Nel calcio, purtroppo, succede anche questo: ti addormenti da campione, ti svegli e non riesci più a dimostrarlo. Nel caso di Leonardo Bonucci, l’incantesimo è avvenuto nel giro di una firma. Il tempo di fare i bagagli e trasferirsi a Milano, ad appena un’ora di macchina. Nessun cambiamento trascendentale: il Paese è lo stesso, il clima e la lingua anche, in teoria non è contemplato il classico margine di ambientamento concesso a chi fa un salto nel vuoto e nell’ignoto. Eppure, del Bonucci juventino, quello che ha vinto 7 scudetti, giocato 2 finali di Champions, una all’Europeo per Nazioni, collezionando 227 presenze nella Juventus e 73 in Nazionale, cosa è rimasto?

INVOLUZIONE

La sua involuzione sorprende, ma i milanisti ne sanno qualcosa. Basti pensare all’irriconoscibile Shevchenko al Chelsea o anche a Kakà al Real Madrid. In quei due casi, però, il trasferimento è stato più traumatico sia per distanza che per fattori ambientali (mi piace pensare che entrambi fossero legati al Milan molto di più di Bonucci alla Juve), quindi anche più giustificabile. Ora è diverso. Bonucci è arrivato a Milanello da leader, da capitano, e lo ha fatto in una posizione di forza, in una squadra in cui sembrava facile emergere per uno come lui.

IL CAMPO PIANGE

E invece le cose stanno andando diversamente. Bonucci in campo c’è ma non si vede. Gli avversari gli scappano, lo scavalcano, lo dribblano, e lui sembra un esordiente alle prime armi, impaurito e insicuro. E’ vero, alla Juve era tutto facile, anche sentirsi più forte in una difesa fatta di incastri perfetti, mentre ora tutto è da ricostruire da capo. Allo stesso tempo, però, è difficile accettare che Mr 40 milioni, acquistato a peso d’oro per fare la differenza, sia uno dei più anonimi.

ACCETTARE

Ma è inutile cercare spiegazioni “sovrannaturali”, il calcio è anche questo: imprevedibilità. Ora è inutile piangersi addosso o insultare il giocatore, che sembra già abbastanza disorientato così.

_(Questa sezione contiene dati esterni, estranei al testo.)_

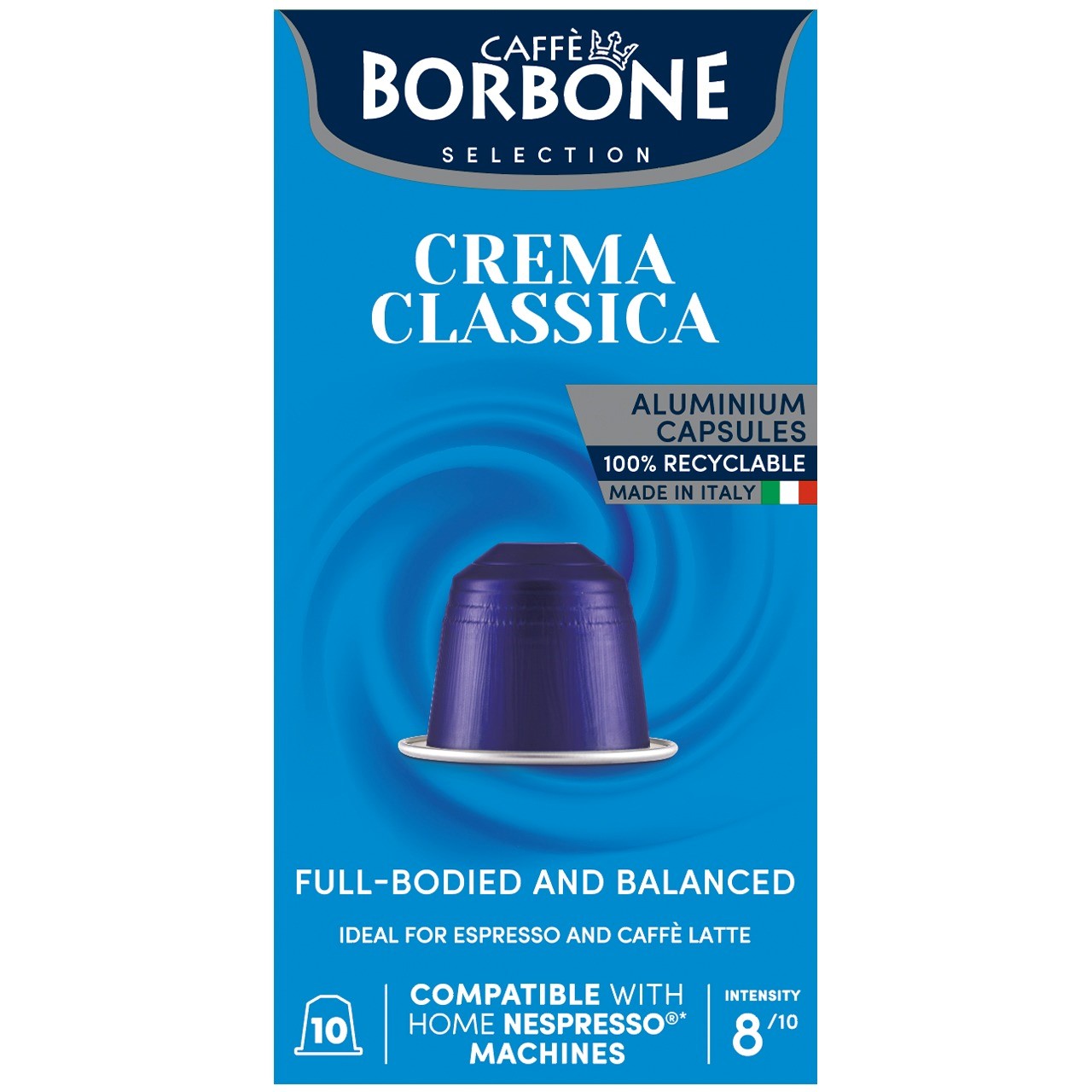 Caffè Borbone CREMA CLASSICA Nespresso® compatible capsules 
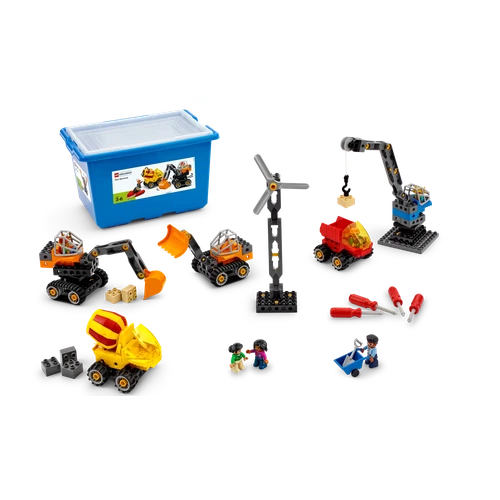 LEGO ایجوکیشن ٹیک مشینیں 45002 | 95 ڈوپلوز اینٹیں انجینئرنگ سیٹ اسٹوریج کے ساتھ 3+ سال کی عمر کے بچوں کے لیے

Piuttosto, bisogna accettare la possibilità che Bonucci resti proprio così com’è, perché non sarebbe né la prima né l’ultima volta che un campione perde qualche “colpo” strada facendo. Sono umani anche loro. La prossima volta, però, pensiamoci bene prima di assegnare la fascia di capitano. Perché quella sì che è una storia seria.